It is not terribly difficult to use an editor to measure the pixel values in various parts of an image. No pixels should have a value greater that 245 in areas where detail should be visible. The values don't clip until 255, but from 246 to 255 they are washed out on either a print or a monitor. Hence pixels along edges (particularly when sharpening has been used) will commonly be higher than 245, and sometimes there are areas where we just don't care (spectral reflections are an example).

In your images there are high pixel values around the edges of the building, and that is okay because you can't see detail there anyway. But that round white object in front of the house should not be brighter than 245, and in fact it is much brighter with about half of it clipping at 255. (And that is in the dark image!)

So it is definitely not underexposed, and technically is overexposed though probably within the range most people would accept. The actual problem is the dynamic range of bright sunlight is greater than a JPEG image can display, and too much of the range is in the dark areas for these images. To correct that you'd want to use a "curves" tool and adjust the gamma curve. If the lower half of the curve is raised just 1 fstop or so, things look much nicer.

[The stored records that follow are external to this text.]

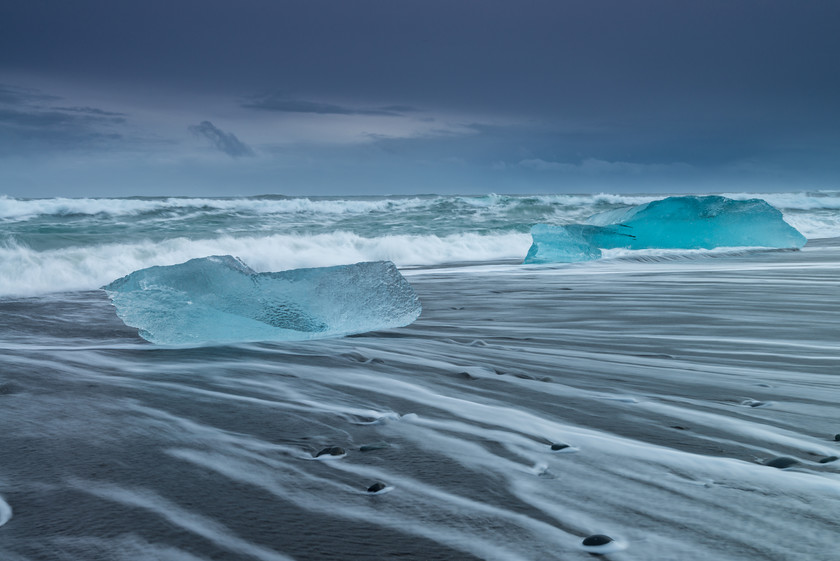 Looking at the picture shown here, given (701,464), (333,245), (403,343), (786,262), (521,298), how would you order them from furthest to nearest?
(333,245)
(786,262)
(521,298)
(403,343)
(701,464)

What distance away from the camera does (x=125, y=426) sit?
221cm

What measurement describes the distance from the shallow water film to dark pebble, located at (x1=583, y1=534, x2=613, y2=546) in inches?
0.4

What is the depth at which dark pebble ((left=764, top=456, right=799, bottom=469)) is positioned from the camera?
182 cm

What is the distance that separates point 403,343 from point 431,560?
7.53 feet

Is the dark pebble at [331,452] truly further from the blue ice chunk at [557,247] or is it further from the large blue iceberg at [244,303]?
the blue ice chunk at [557,247]

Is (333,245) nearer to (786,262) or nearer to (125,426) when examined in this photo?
(786,262)

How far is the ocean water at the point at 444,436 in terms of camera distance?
1.45 meters

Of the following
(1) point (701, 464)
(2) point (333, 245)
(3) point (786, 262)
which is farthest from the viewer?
(2) point (333, 245)

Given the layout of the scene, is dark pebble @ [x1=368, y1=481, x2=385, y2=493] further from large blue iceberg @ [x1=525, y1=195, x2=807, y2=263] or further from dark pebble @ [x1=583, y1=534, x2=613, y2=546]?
large blue iceberg @ [x1=525, y1=195, x2=807, y2=263]

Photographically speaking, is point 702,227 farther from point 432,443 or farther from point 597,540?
point 597,540

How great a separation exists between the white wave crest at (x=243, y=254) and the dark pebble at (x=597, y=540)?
234 inches

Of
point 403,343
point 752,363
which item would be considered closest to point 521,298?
point 403,343

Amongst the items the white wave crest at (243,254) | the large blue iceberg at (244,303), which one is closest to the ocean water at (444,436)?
the large blue iceberg at (244,303)

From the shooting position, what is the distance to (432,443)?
6.72ft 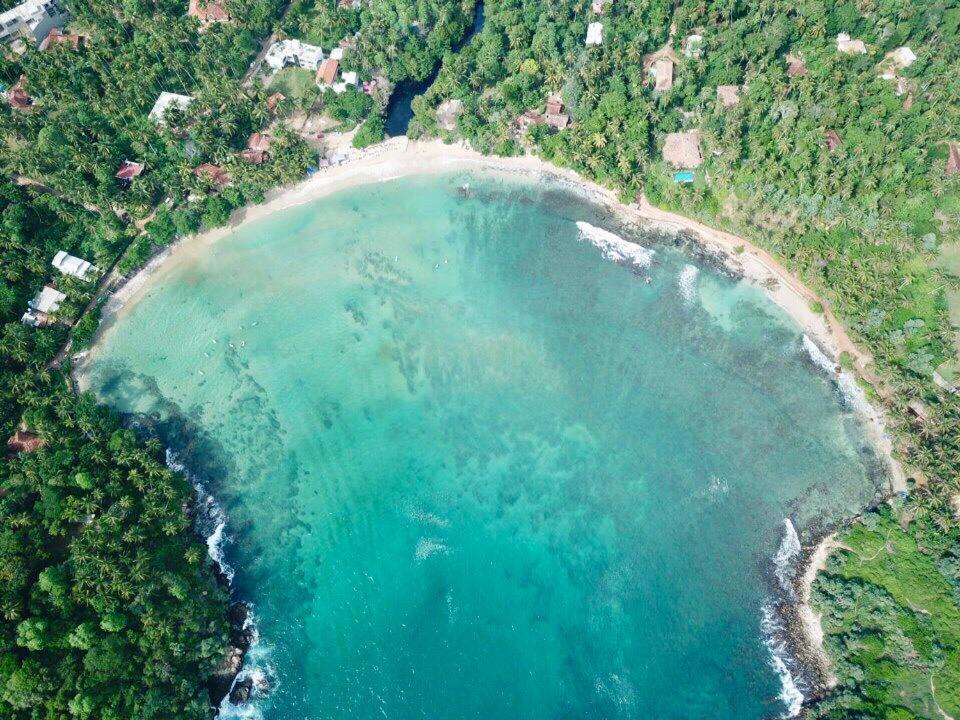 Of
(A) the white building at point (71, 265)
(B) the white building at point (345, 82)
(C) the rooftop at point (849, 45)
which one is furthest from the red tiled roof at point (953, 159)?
(A) the white building at point (71, 265)

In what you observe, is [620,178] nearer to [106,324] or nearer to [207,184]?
[207,184]

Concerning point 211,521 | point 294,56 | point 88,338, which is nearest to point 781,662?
point 211,521

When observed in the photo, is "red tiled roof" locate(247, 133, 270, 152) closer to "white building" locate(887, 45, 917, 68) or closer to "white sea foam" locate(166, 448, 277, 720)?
"white sea foam" locate(166, 448, 277, 720)

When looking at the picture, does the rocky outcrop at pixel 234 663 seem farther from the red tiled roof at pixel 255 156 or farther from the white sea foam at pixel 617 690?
the red tiled roof at pixel 255 156

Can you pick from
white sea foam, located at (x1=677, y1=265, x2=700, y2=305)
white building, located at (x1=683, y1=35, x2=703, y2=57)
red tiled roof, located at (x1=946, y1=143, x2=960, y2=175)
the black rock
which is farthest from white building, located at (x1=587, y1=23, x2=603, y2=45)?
the black rock

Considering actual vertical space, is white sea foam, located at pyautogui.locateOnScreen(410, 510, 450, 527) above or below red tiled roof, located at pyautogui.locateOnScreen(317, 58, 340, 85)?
below

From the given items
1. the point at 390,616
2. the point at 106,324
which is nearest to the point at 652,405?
the point at 390,616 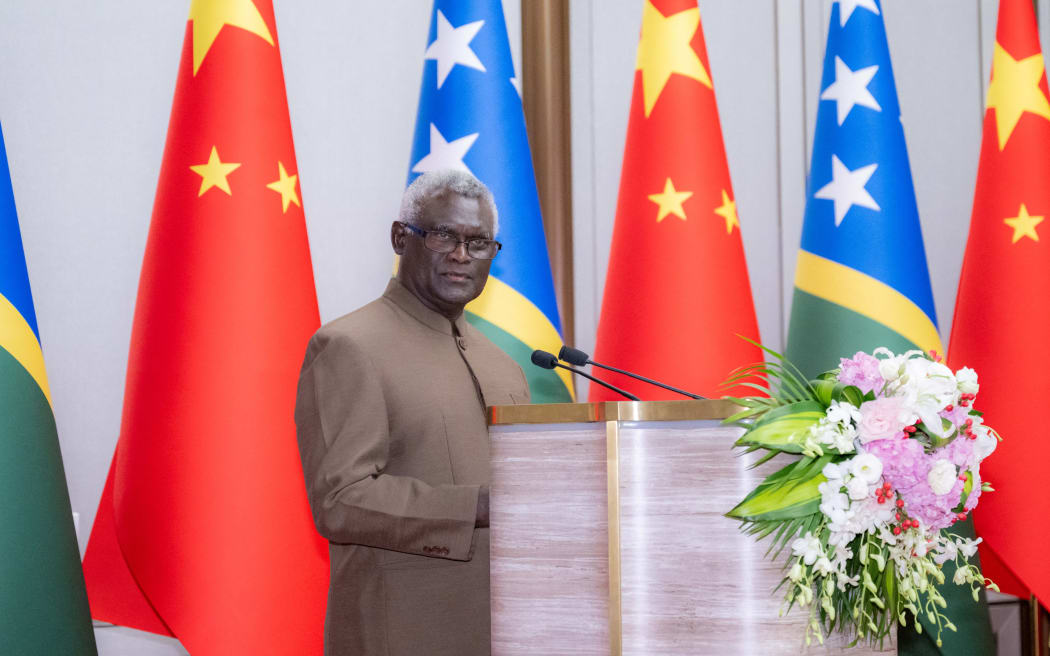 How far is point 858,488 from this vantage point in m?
1.07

If you shoot JPEG that means before taking pictures in bright sunlight you might want to adjust the "contrast" (same thing as gamma) in the camera settings before shooting. You can also edit images later, but the best way to do that is shoot RAW and adjust contrast/gamma in the RAW converter rather than in the JPEG image.
I'll give you a technical analysis, which will pro... (show quote)


Excellent comments and right on. I try to keep my highlights below 240 and will not bring an image into photoshop until they are in the 235/240 range. I am assuming the histogram on both images will confirm your findings.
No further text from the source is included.